En principio, nadie niega que el buen trabajo presta al mismo sujeto que lo cumple el gran servicio de enseñarle y de ayudarle a amar a los demás. A fin de cuentas, la sustancia de la felicidad se cristaliza en amar y ser amado; y de la calidad de ese amor, se deduce la calidad de la felicidad alcanzada. En este contexto del amor debemos encuadrar el trabajo humano.

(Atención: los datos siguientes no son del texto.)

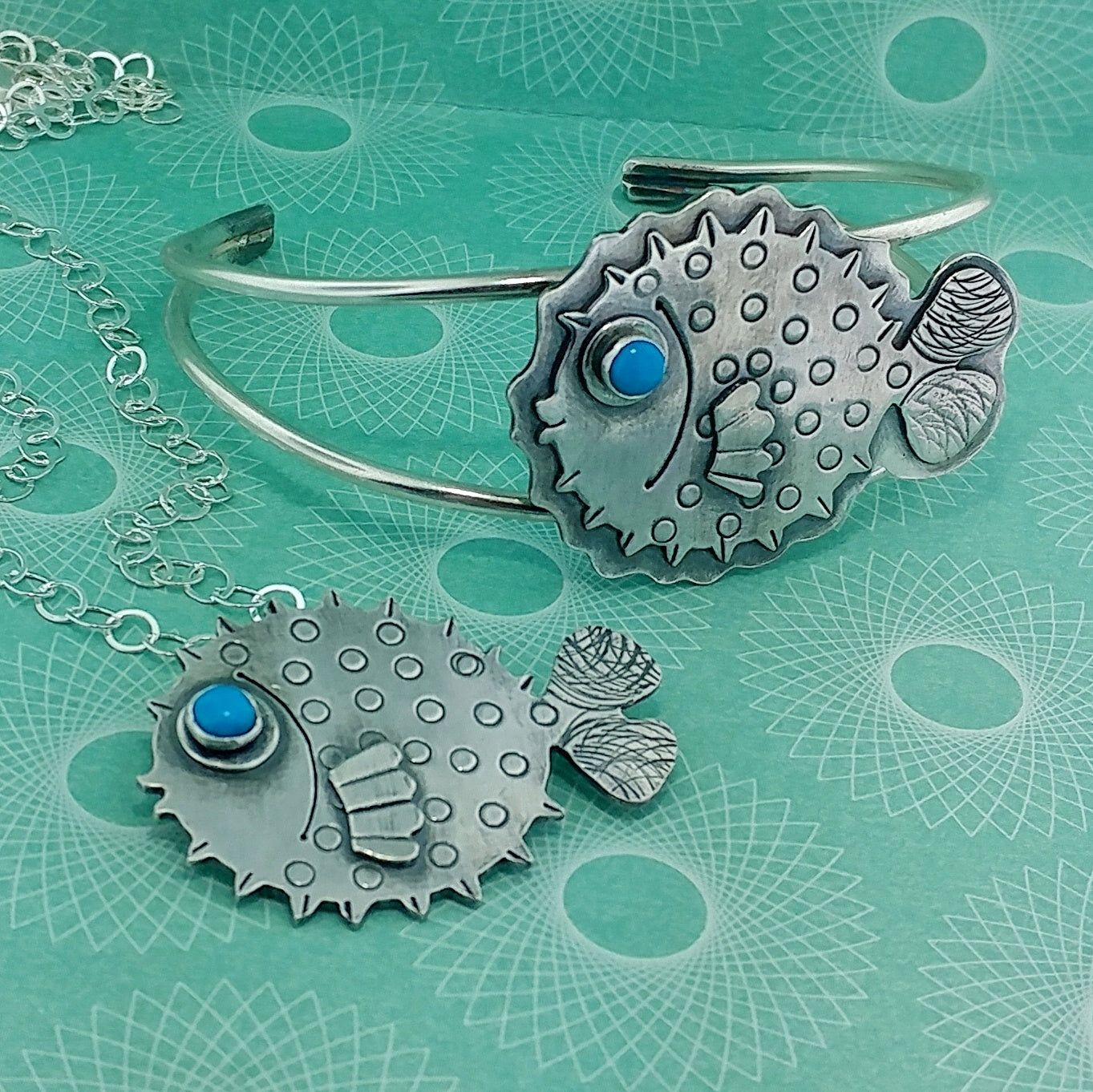 Pufferfish bracelet and necklace set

¿Cómo no descubrir que, con esa ocupación se está ayudando a los demás, por ejemplo, a trasladarse de un sitio a otro; a progresar en su preparación cultural; a moverse en un ambiente más limpio, ordenado y agradable, a disponer con facilidad y seguridad de alimentos y ropa; a encontrar habitación y confort en su propio domicilio? La enumeración nos llenaría páginas y páginas, porque el trabajo humano se traduce siempre en un servicio más o menos inmediato a los demás. Por eso, encierra íntimamente la capacidad de expresar amor y de provocar amor.
El orgullo, la ambición, la prepotencia, la frivolidad y la ligereza, la superficialidad, la prisa y otros enemigos del amor que lo destruyen poco a poco o de golpe, se levantan también como adversarios dispuestos a cegar nuestros ojos para que, en el trabajo, nos detengamos tan solo ante el cansancio que produce y no veamos el servicio que presta; quieren reducir nuestra intención a la realización de lo que nos place, sin atender a lo que necesitan las demás personas; nos arguyen para esclavizar nuestro ánimo, de modo que se enrede con enfados, recelos, resentimientos, envidias, atropellos, precipitaciones.
Los adversarios del amor coinciden con los que se oponen la perfección humana del trabajo. Por eso, aprender a trabajar significa -siempre y a la vez- aprender a amar; así madura el carácter del interesado y así se edifican las personas a quienes su trabajo alcanza. ¿Cómo podría considerarse digno de la sociedad el ejercicio de una actividad comercial donde quien vende supiese que está engañando a quien compra?
¿Cómo se salvaría la dignidad de la persona, cuando la colaboración en el trabajo no se apoyase en una lealtad sincera y ordenada entre los colegas? Si faltan la rectitud, la justicia y la lealtad entre quienes se relacionan por medio de un trabajo, ¿cómo progresará la sociedad, cómo se desarrollarán armónicamente los individuos?
La sociedad, sin una operatividad basada en esas virtudes, basadas en el amor y en la confianza, se convierte en campo de batalla donde prevalece el más hábil, el más astuto o el más cruel. Esto no es camino: hemos de ocuparnos de los menos dotados y ayudarles, no toleremos que se avasalle a las minorías. La madurez del trabajo, entendido como servicio y expresión de amor, no ha de considerarse como desprecio de la dinámica que le caracteriza y que se manifiesta en calidad técnica, en rendimiento económico, en progreso social, etc.; más aún, a esa dinámica pertenece también -y no de modo secundario- el vínculo que liga el trabajo con el amor.